The second day of William Carey's youth basketball camp brings in about 45 male and female participants, setting the stage for a battle of gender supremacy.
In one friendly competition, boys and girls line up on opposite sides of the court in a seated position, passing the ball down the line until the whistle blows.
The two players left holding a ball then sprint to opposing baskets, with the first camper to make a lay up eliminating a member of the opposition.
The last two players remaining decide the winner by duck crawling to half court, then racing to make a lay up from their knees.
While 15-year-old camper Zach Johnson can dunk, the boys still fell short to the girls, who were led by the Lady Crusaders.

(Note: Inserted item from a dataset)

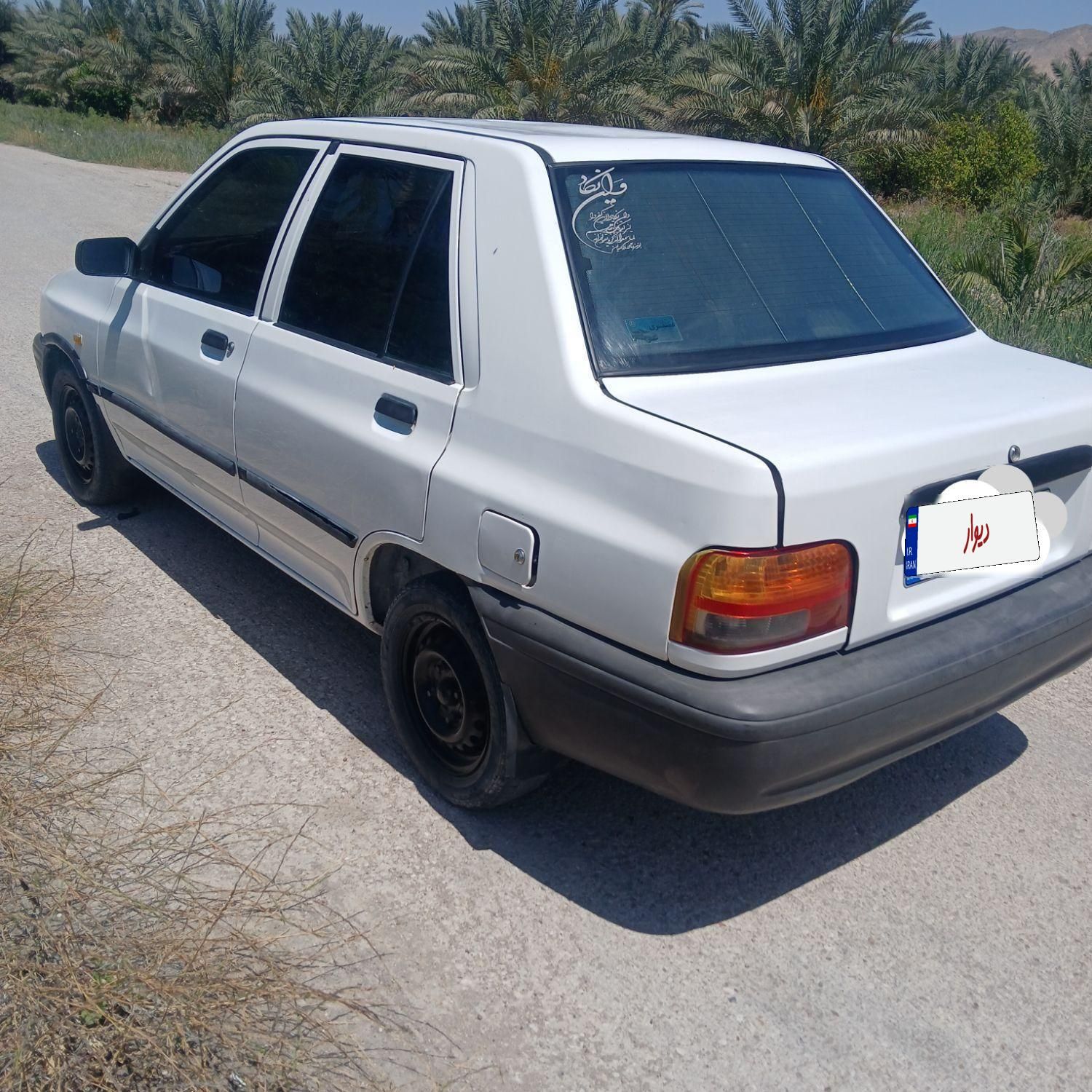 پراید 131 SE - 1394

Aside from friendly competition, campers, coaches and players say gender dynamics don't factor into the overall camp experience.
"To me it feels the same," says 7th grade camper Lauren Seymarth.
"We all have to go through the same things to get to a scholarship - girl or boy - so it doesn't matter," says 11th grade camper Johnson.
"That's something that the girls and boys will remember is having an actual player give some instruction to them," says William Carey assistant men's basketball coach Scotty Fletcher.
"It really doesn't matter to me. I mean I almost kind of like the boys because the boys are more competitive. They have that more competitive spirit about them, but I'm a girl so of course I'm more biased towards girls," says William Carey senior shooting guard Lauren Douglas.